Secondly, with regard to Gnosticism, let me just pause. This happens with regard to many religions. After a major controversy or crisis, it is difficult to say that the religion afterwards shares the same characteristics and shape as before. The question would be whether it holds to the essentials and did not change them. But we will find in the Protestant and Catholic era in the 16th century that Roman Catholicism defined itself tightly with a large confession at the Council of Trent, in which it excluded some options that had been open prior to that era. To what degree it changed, we can talk about that at that time period, but it is that kind of situation when a crisis happens and sides are drawn; it is difficult to say the religion did not change in some sense. And so the religion of the Jews changed in the first century.
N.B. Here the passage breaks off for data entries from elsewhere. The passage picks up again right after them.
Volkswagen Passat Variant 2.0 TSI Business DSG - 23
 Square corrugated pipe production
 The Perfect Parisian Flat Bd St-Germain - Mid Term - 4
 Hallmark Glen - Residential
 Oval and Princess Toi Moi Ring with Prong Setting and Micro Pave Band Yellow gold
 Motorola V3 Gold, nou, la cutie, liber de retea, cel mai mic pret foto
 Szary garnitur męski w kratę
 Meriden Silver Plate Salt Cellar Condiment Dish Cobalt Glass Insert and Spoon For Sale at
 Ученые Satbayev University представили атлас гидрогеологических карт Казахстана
Secondly, with regard to Gnosticism, I have a definition in your notes. It is anti-cosmic dualism. I got that from a book written by a German. The Germans have published all sorts of research books. I had to read this in graduate school. It is by Kurt Rudolph, just titled Gnosis and the Nature and History of Gnosticism. It is filled with all sorts of data. And we know a lot now about the Gnostic cults, the Gnostic religions. It is a broad label applied to all sorts of varying religions, from this kind of Zoroastrian religions from Persia over in that era, as well as some down in Egypt. We found a whole library of scrap materials that are Gnostic, scraps from Gnostic documents in Cairo, the Nag Hammadi library. Before that time period, what we knew of Gnosticism came from the Christians. Irenaeus, in particular, fought against Gnostic religions in his book, Against the Heresies. But with the discoveries at Nag Hammadi, we know a lot more. We find Irenaeus was actually, as I understand, accurate. And that is what I am told.
Here are the features of this religion. It is essentially a dualistic religion in which the primary principles of the universe are a good principle and a bad principle. It is not like Christianity, where there is a good God. This dualistic religion is negative towards the material world. Here is what you have: an unknown God, a hierarchy of gods and divine beings. Far, far above is this God who is very unknown. Beneath him are various gods made from principles such as Sophia, meaning wisdom, or Peace, or Faith. Various systems have various gods. Some of them incorporate angels from Jewish legends and myths. Others incorporate Zoroastrian signs. And so they all have, for example, thrones, dominions, and powers, similar to the language that Paul uses in Ephesians and Colossians.
At some point, there is a mistake that occurs. This demiurge, to quote Rudolph, is involuntarily brought into being. This demiurge is a lesser God, and he begins to create his own world. So the created world, the material world, is considered an evil act. I believe this is satanic, to cast dispersion on the Creator God, the Creator of heaven and earth, and to portray Him as an evil being. Therefore, the material world is bad. Inside man, however, is a spark of divinity, a spark of God that is good. It is spiritual in nature. Knowledge is the key. In fact, secret knowledge or gnosis is essential. Gnosis simply means knowledge. Secret knowledge is the key to redeem you from your bodily existence and to bring you closer to the divine.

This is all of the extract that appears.